Bilder: Universal Pictures International Fotos: Universal Pictures International
  • Bewertung

    Action-Bilderrausch voll Pathos und Munition

    Exklusiv für Uncut
    Michael Bay hat sich in der Filmgeschichte schon mit einigen großen Blockbustern einen Namen gemacht, gleichzeitig aber inzwischen auch (so wie viele andere Regisseure auch) das eine oder andere Mal daneben gehaut. Berechtigterweise hat ihm seine Fangemeinde das aber immer wieder verziehen und sich ganz sicher - und auch zurecht, soviel sei vorweg genommen - auf sein neuestes Werk gefreut. Und in der Tat werden in diesem Film die Erwartungen sehr vieler ganz sicher erfüllt, wahrscheinlich aber ebenso viele auch enttäuscht. Wobei man diese Gruppe auch fragen könnte, warum sie sich immer noch etwas Anderes von Michael Bays Filmen erwarten, zum Beispiel durch und durch zumindest theoretisch logische Handlungsabläufe oder Dialoge, die diesen Namen auch verdienen (also es spricht oder schreit nicht nur einer und der andere rennt oder schießt). Manch einer, der Bays Filme noch nicht kennt erwartet sich vielleicht auch mehr inhaltlichen Variantenreichtum als die mehrmalige Wiederholung der an sich selben Materialschlacht, nur eben in einem anderen Straßenzug.

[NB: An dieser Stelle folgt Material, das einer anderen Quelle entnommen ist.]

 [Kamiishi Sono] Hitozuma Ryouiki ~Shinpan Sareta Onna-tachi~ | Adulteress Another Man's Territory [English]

    Seine Fans oder zumindest jener Teil des Publikums, das sich auf eine ganz typische Weise einfach unterhalten will, werden auch diesmal zufrieden sein. Schließlich kann man ihm nach wie vor nicht absprechen, ein Meister des Klotzens und schneller Actionszenen zu sein. Auch seine ganz typische US-amerikanische Bildersprache ist hier wieder in voller Pracht zu bewundern: Hubschrauber, die über den Himmel fliegen, Close-Ups auf die FBI- und Polizei-Schriftzüge, roter Lippenstift bei der Hauptdarstellerin, der einfach nie verwischt oder nach der fünften Reanimation im Rettungswagen verblassen könnte. Dazwischen immer und immer wieder die wehende Flagge der USA, am besten leicht angesengt oder in einer Wolke aus Feuer und Rauch und dazwischen: die patriarchalischen Geschlechterstereotypen, für den ihn wahrscheinlich ebenso viele hassen wie Applaus spenden werden. Kaum so deutlich wird die US-Gesellschaft, die so gespalten ist wie noch nie zuvor, so konkret in einem Film sichtbar, der das rein oberflächlich betrachtet gar nicht zum Thema hat. Ja, natürlich hat der Film eine weibliche Heldin, aber das Sagen haben im Film immer noch die Männer, egal, ob gut oder böse und Homosexuelle sind für die Unterhaltung zwischendurch gut.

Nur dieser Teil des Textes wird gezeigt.